Boldly creating a new fund for fellow organisations looks nice, but without community involvement it’s a controversy in development.
Thanks, Mike
On 14 Dec 2020, at 20:11, Lisa Gruwell lgruwell@wikimedia.org wrote:
Hi Chris-
I am happy to answer your questions about Tides. No, Tides is not picking the grantees. The docket of grantees and the specific of the grants comes from us. Tides provides legal and administrative review of the grants, approves them, and processes the grants(i.e. wires the funding to the grantees). It is rare that there is ever a problem, but if Tides were to see one, we actually appreciate the outside review and would be open to hearing their reasons. There is no change for the reporting and transparency requirements for APG grants. Tides will also not be making recommendations for the grants for the Knowledge Equity Fund. They will play a similar role as I described for the APG grants. Again, I know there will be more info on the Knowledge Equity Fund in the new year. I ask your patience for the folks initiating this and trust that they will share more soon.
Best, Lisa
On Mon, Dec 14, 2020 at 10:18 AM Chris Keating chriskeatingwiki@gmail.com wrote:
Thanks Lisa. That statement makes a lot of sense, though I do have some questions still.

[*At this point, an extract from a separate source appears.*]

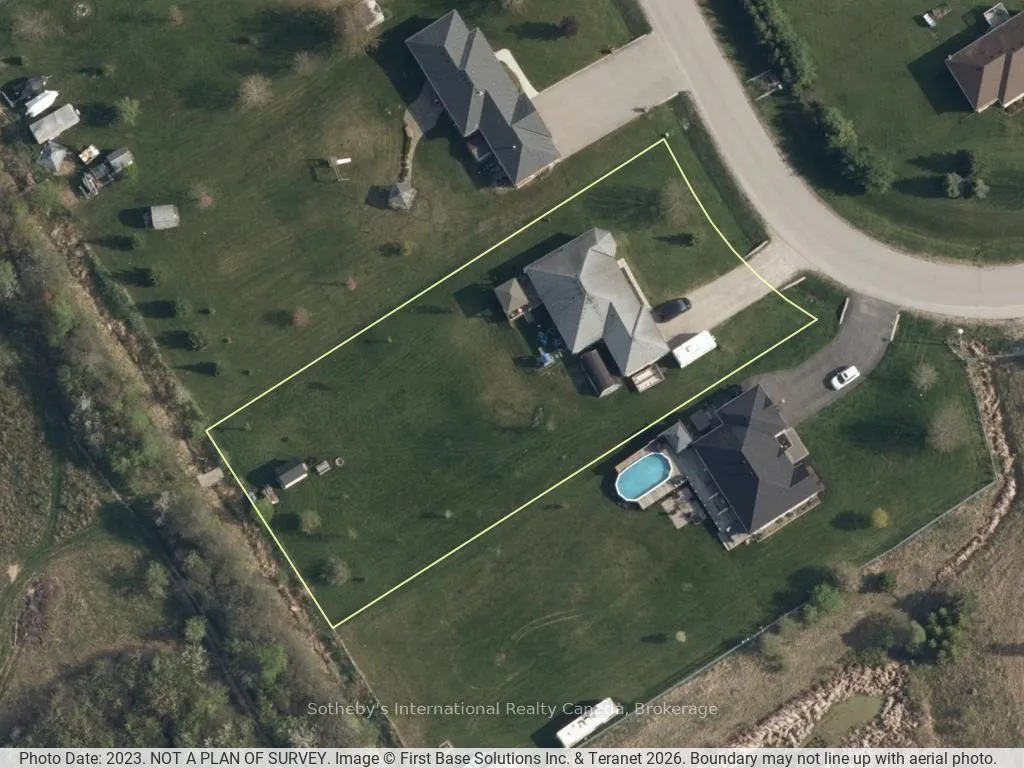 Photo 45 of 8 Hall Street, Springwater, Phelpston — HOMEH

Our first priority was to ensure that we had enough funding to support community grants. We transferred the full amount for Annual Plan Grants (APG) for FY20-21 over to Tides to ensure that all funding for affiliates for this year was secured, regardless of how fundraising performed. It also gives staff at affiliates and the Foundation more time to work together to make thoughtful grants, instead of an end-of-year rush. All affiliates who will be receiving funding through Tides were informed of the arrangement last summer. All other grantmaking (Community Grants, Rapid Grants, Project Grants) are still being funded through WMF directly, as usual. There is a round of APG grants set to go out via Tides this week.
Are Tides simply administering these funds at the WMF's direction, or will Tides start to take over decisions about who gets these grants and what amount different entities are eligible for? Has there been any change to the reporting and transparency requirements that go with the APG grants? What is the intention about how APG grants will work, since the FDC was abolished a couple of years ago and there is unlikely to be any community-driven replacement for it until at least a year or two's work has gone into the implementation of the strategy?
As of now, this is a one-time commitment of approximately $4.5 million. We are still working on the specific initial objectives of the fund and how it will operate. As a pilot initiative, we’ll be learning and adapting as we go.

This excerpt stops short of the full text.